1

From the C# object model, it looks like this should do the trick, but the UseInPrivateBrowsing property has no effect at my end. Just opens a regular browser session in the edge.

var options = new EdgeOptions();
options.UseInPrivateBrowsing = true;
var driver = new EdgeDriver(options);

I am using the latest Selenium.WebDriver.MicrosoftDriver.

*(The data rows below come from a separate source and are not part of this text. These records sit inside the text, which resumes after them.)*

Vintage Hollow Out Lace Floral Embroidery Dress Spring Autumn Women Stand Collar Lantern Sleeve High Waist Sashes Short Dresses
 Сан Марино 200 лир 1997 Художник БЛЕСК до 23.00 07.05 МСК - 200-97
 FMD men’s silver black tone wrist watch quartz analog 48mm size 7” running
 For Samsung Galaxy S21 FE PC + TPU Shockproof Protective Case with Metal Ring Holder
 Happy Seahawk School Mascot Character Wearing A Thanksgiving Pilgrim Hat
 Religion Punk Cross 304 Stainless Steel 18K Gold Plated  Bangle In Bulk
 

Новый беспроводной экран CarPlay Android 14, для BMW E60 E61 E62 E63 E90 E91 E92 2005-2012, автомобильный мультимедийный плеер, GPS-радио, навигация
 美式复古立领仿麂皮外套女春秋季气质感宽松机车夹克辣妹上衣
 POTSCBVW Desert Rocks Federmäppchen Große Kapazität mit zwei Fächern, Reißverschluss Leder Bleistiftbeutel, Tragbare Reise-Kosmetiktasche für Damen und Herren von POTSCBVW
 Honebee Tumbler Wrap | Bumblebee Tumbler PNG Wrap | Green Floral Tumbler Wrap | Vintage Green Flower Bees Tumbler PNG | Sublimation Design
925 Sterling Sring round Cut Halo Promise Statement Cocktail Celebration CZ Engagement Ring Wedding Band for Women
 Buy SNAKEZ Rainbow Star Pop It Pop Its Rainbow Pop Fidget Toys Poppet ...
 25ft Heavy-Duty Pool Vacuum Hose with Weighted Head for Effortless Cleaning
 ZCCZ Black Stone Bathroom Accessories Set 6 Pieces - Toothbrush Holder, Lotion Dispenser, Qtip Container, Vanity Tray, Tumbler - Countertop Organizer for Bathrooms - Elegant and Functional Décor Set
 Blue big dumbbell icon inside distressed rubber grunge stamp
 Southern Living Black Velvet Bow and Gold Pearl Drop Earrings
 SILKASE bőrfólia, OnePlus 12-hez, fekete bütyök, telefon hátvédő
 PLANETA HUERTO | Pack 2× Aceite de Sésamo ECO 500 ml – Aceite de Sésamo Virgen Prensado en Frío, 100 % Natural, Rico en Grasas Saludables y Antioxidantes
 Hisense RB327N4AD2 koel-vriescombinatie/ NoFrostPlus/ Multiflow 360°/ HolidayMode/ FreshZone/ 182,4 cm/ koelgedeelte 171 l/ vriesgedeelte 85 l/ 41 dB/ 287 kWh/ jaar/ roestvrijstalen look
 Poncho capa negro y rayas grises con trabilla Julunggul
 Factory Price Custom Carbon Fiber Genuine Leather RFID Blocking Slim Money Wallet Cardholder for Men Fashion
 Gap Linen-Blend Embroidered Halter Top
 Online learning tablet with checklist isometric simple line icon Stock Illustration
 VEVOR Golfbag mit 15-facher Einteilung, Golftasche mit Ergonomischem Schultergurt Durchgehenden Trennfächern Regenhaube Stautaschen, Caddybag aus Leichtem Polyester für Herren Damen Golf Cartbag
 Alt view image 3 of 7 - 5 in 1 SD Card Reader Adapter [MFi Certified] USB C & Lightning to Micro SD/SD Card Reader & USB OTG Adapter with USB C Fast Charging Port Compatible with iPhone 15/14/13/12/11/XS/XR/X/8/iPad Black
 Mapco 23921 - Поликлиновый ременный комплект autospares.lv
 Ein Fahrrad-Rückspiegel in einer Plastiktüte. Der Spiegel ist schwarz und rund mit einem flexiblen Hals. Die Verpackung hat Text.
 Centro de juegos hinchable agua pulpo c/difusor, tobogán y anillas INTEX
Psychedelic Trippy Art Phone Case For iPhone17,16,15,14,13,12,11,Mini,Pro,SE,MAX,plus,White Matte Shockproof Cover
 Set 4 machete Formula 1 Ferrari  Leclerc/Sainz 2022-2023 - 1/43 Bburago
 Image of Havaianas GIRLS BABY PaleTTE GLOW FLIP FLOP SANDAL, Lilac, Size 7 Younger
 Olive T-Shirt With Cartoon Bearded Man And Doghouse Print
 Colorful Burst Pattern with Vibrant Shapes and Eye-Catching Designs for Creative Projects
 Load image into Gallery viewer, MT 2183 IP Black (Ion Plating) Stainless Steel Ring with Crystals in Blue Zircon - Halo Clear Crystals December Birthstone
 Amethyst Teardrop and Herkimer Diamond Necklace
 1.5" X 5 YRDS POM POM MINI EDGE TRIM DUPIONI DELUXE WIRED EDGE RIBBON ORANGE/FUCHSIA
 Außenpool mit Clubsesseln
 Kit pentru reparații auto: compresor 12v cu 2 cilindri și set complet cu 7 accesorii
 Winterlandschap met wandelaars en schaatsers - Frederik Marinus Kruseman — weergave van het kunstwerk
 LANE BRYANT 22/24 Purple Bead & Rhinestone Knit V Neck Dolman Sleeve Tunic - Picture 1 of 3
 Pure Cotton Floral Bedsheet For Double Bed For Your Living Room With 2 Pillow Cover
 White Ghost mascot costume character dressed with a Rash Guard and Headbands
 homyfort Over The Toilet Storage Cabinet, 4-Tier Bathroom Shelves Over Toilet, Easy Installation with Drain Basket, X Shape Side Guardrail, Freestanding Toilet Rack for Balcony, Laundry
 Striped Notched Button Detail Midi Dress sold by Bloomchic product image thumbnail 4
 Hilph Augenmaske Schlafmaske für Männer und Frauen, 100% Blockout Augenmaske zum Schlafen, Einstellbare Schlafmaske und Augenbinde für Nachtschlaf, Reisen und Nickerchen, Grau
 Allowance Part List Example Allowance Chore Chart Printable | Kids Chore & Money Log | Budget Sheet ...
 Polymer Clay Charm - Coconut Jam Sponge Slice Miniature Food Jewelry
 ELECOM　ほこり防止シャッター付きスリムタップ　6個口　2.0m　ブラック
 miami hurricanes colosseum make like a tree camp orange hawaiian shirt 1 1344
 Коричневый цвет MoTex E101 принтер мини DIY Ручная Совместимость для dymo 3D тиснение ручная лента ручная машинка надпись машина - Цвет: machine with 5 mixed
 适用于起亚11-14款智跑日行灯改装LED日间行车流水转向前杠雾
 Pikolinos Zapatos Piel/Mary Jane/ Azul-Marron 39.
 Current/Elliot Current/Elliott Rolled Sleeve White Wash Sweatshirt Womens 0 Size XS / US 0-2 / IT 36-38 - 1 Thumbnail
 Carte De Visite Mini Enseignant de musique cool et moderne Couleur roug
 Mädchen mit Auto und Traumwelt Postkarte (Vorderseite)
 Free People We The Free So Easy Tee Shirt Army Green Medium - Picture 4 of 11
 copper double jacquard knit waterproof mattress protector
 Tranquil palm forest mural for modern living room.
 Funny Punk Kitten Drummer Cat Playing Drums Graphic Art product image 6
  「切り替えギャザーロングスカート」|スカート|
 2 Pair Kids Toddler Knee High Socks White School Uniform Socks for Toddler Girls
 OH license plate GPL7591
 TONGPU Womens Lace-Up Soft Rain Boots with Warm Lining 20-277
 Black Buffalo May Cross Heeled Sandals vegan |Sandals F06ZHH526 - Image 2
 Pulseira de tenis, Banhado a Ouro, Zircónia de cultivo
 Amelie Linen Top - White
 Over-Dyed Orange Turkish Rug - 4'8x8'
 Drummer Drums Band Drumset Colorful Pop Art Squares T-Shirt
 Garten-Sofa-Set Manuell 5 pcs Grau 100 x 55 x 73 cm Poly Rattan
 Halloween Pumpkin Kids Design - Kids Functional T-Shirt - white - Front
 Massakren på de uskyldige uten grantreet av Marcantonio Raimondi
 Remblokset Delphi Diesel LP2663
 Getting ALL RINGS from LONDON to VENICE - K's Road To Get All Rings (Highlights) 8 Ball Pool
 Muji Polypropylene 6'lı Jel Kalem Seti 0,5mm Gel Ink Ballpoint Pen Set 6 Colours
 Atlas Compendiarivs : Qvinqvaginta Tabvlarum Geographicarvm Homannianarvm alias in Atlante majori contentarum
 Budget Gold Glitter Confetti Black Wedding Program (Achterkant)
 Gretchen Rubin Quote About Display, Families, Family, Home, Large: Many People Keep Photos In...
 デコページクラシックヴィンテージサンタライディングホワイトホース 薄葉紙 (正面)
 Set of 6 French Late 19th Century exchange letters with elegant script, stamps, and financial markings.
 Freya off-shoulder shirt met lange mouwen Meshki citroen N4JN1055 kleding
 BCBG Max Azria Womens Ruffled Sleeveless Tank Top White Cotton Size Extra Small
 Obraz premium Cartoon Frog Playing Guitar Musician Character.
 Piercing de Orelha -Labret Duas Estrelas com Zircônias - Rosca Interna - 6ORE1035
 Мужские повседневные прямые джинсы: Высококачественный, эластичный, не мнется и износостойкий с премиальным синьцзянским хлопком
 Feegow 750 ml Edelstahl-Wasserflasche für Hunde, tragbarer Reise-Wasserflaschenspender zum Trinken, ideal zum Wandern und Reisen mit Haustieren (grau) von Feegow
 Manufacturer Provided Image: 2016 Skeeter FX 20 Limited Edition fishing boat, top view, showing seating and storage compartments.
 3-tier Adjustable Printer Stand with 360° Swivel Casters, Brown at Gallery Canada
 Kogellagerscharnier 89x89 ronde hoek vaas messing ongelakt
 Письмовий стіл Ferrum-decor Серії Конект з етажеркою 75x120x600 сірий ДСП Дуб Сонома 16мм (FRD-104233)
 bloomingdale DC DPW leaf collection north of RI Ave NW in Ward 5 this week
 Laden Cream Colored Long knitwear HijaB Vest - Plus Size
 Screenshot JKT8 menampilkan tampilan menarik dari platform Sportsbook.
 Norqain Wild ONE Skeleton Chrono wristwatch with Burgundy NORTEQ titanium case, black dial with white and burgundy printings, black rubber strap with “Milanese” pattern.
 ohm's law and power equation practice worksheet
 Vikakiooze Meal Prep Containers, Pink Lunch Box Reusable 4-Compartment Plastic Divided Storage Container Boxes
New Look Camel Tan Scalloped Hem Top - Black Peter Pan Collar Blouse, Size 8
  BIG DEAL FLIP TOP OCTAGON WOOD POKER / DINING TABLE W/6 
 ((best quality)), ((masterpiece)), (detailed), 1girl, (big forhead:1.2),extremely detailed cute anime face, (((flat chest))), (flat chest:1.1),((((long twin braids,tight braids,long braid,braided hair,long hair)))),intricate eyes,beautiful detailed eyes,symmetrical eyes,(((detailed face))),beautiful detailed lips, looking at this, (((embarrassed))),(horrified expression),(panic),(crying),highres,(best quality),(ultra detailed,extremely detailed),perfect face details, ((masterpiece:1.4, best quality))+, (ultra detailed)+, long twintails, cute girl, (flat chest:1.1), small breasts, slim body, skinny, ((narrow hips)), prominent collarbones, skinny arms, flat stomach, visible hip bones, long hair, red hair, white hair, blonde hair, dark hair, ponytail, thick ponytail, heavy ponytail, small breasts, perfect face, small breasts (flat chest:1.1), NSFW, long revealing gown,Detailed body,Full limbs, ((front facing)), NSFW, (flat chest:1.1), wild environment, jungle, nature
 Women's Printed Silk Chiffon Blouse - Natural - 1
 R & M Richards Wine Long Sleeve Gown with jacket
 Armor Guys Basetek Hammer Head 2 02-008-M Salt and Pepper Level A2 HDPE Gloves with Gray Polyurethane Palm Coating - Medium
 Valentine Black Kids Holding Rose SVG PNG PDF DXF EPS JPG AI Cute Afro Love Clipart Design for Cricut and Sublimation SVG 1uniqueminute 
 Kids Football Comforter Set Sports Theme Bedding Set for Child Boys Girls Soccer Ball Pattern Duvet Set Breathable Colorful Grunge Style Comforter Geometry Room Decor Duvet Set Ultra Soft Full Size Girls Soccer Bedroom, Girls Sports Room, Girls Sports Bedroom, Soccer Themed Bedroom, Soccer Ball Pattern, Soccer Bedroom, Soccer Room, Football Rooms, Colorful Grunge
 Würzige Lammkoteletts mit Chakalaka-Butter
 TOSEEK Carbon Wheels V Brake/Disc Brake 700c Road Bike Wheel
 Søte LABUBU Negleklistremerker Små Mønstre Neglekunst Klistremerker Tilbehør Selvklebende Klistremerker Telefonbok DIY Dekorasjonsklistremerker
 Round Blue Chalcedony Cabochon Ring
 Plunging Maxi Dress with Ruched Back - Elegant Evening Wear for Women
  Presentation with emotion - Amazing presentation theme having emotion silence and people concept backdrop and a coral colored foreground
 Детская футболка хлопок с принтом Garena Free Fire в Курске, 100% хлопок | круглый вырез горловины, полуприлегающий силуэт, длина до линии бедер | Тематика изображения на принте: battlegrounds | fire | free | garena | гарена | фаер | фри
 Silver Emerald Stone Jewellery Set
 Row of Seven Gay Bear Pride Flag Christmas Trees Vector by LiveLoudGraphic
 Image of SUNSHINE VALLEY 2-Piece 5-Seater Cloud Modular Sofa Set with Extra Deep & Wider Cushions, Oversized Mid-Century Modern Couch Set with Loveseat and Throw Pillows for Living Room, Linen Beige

These are the installed packages:

<?xml version="1.0" encoding="utf-8"?>
<packages>
  <package id="NUnit" version="3.10.1" targetFramework="net47" />
  <package id="NUnit3TestAdapter" version="3.10.0" targetFramework="net47" />
  <package id="Selenium.Chrome.WebDriver" version="2.40" targetFramework="net47" />
  <package id="Selenium.Support" version="3.13.0" targetFramework="net47" />
  <package id="Selenium.WebDriver" version="3.13.0" targetFramework="net47" />
  <package id="Selenium.WebDriver.MicrosoftDriver" version="17.17134.0" targetFramework="net47" />
</packages>

How is this supposed to be done?

2
  • Which language do you use? JavaScript?
    – Andrei
    Commented Jun 30, 2018 at 7:03
  • 1
    Using C# for this.
    – Oddleif
    Commented Jun 30, 2018 at 7:09

2 Answers 2

2

The UseInPrivateBrowsing property will only work for versions of the driver for Microsoft Edge that support the W3C WebDriver Specification. Unfortunately, these versions of the driver are only available in Windows Insider builds at the moment. Once a version of the driver is released to widely available versions of Windows 10, this property will work everywhere for Edge.

0

Until UseInPrivateBrowsing works, you could try replacing just that line with:

options.AddArgument("inprivate");

that allowed me to open up an "InPrivate" window using Selenium.WebDriver 4.0.0-beta4.